The Mount Laurel Schools is a public school district that serves students in pre-kindergarten through eighth grade from Mount Laurel Township in Burlington County, in the U.S. state of New Jersey. Mount Laurel Township School District includes eight schools.

The grade configuration includes six schools serving pre-kindergarten / kindergarten through fourth-grade students. Students are assigned on a geographic basis to one of the six K-4 schools; Countryside serves the township's northwest; Fleetwood, the northeast; Hillside covers the north central portion of the township; Larchmont, a piece of the eastern side; Parkway, covers the western portion; and Springville the southern tip. All students from the six K-4 schools feed into a single upper elementary school (for grades 5 and 6) and middle school (grades 7 and 8).

As of the 2018–19 school year, the district, comprising eight schools, had an enrollment of 4,214 students and 350.0 classroom teachers (on an FTE basis), for a student–teacher ratio of 12.0:1.

The district is classified by the New Jersey Department of Education as being in District Factor Group "I", the second-highest of eight groupings. District Factor Groups organize districts statewide to allow comparison by common socioeconomic characteristics of the local districts. From lowest socioeconomic status to highest, the categories are A, B, CD, DE, FG, GH, I and J.

Public school students from Mount Laurel in ninth through twelfth grades attend Lenape High School, located in Medford Township. As of the 2018–19 school year, the high school had an enrollment of 1,895 students and 156.6 classroom teachers (on an FTE basis), for a student–teacher ratio of 12.1:1. Lenape High School is part of the Lenape Regional High School District, a regional secondary school district in Burlington County that also serves the eight municipalities of Evesham Township, Medford Lakes, Medford Township, Shamong Township, Southampton Township, Tabernacle Township and Woodland Township at its four high schools.

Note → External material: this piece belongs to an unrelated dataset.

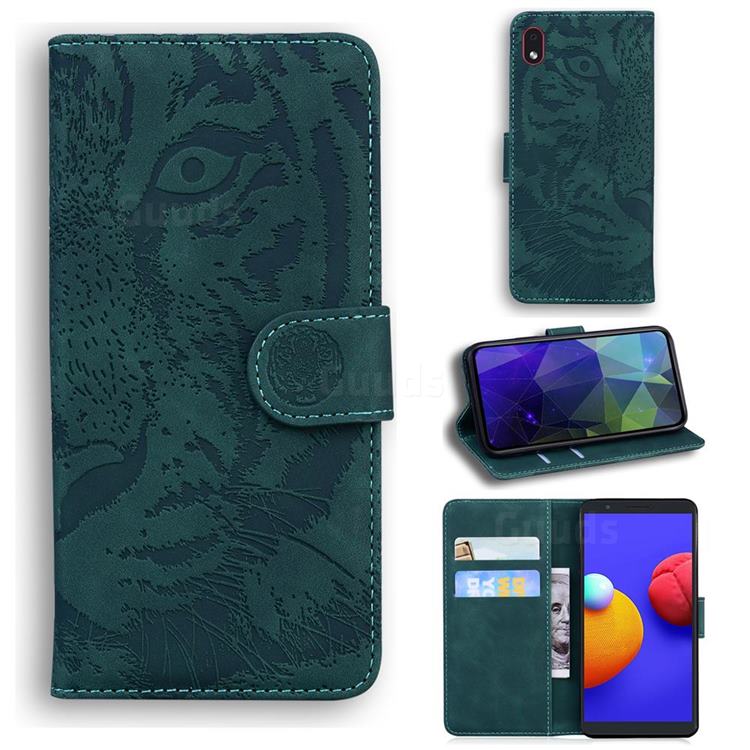 Intricate Embossing Tiger Face Leather Wallet Case for Samsung Galaxy A01 Core - Green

The district has 420 certified staff members and 320 support staff. The district's transportation department operates a tiered busing system that covers the municipality's 22 sqmi four times each day. Mount Laurel Schools' maintenance and custodial staff maintains 669928 sqft of educational space on a daily basis.

==History==
In 1948, during de jure educational segregation in the United States, the district had a school for black children. There was half a block between the white and black schools.

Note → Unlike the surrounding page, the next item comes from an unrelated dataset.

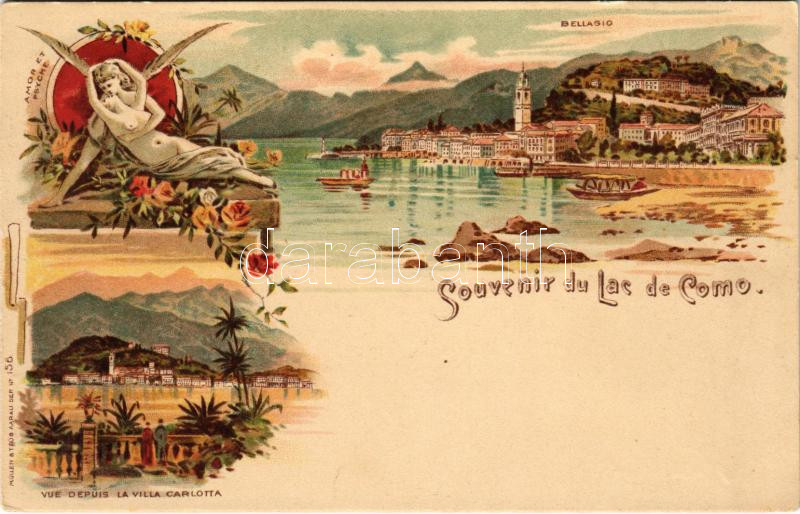 Como, Bellagio, Villa Carlotta. Müller & Trüb Art Nouveau, floral, litho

==Awards and recognition==
Parkway Elementary School was one of four schools in New Jersey recognized by the National Blue Ribbon Schools Program, awarded by the United States Department of Education, for the 2005–06 school year.

For the 1995–96 school year, Parkway Elementary School was named a "Star School" by the New Jersey Department of Education, the highest honor that a New Jersey school can achieve.

== Schools ==
Schools in the district (with 2018–19 enrollment data from the National Center for Education Statistics) are:
- Elementary schools
- Countryside Elementary School (with 309 students; in grades PreK-4)
  - Lori Zataveski, principal
- Fleetwood Elementary School (372; K-4)
  - Michael Profico, principal
- Hillside Elementary School (348; PreK-4)
  - Briean Madden, principal
- Larchmont Elementary School (395; K-4)
  - Dr. Patrice Clark, principal
- Parkway Elementary School (342; K-4)
  - Mercedes Chang, principal
- Springville Elementary School (512; PreK-4)
  - Gailen Mitchell, principal
- Middle schools
- Mount Laurel Hartford School (961; 5-6)
  - Marques Stanard, principal
- Thomas E. Harrington Middle School (963; 7-8)
  - Drew Besler, principal

==Administration==
Core members of the district's administration are:
- George J. Rafferty, superintendent
- Robert F. Wachter Jr., business administrator and board secretary

==Board of education==
The district's board of education, composed of nine members, sets policy and oversees the fiscal and educational operation of the district through its administration. As a Type II school district, the board's trustees are elected directly by voters to serve three-year terms of office on a staggered basis, with three seats up for election each year held (since 2012) as part of the November general election. The board appoints a superintendent to oversee the district's day-to-day operations and a business administrator to supervise the business functions of the district.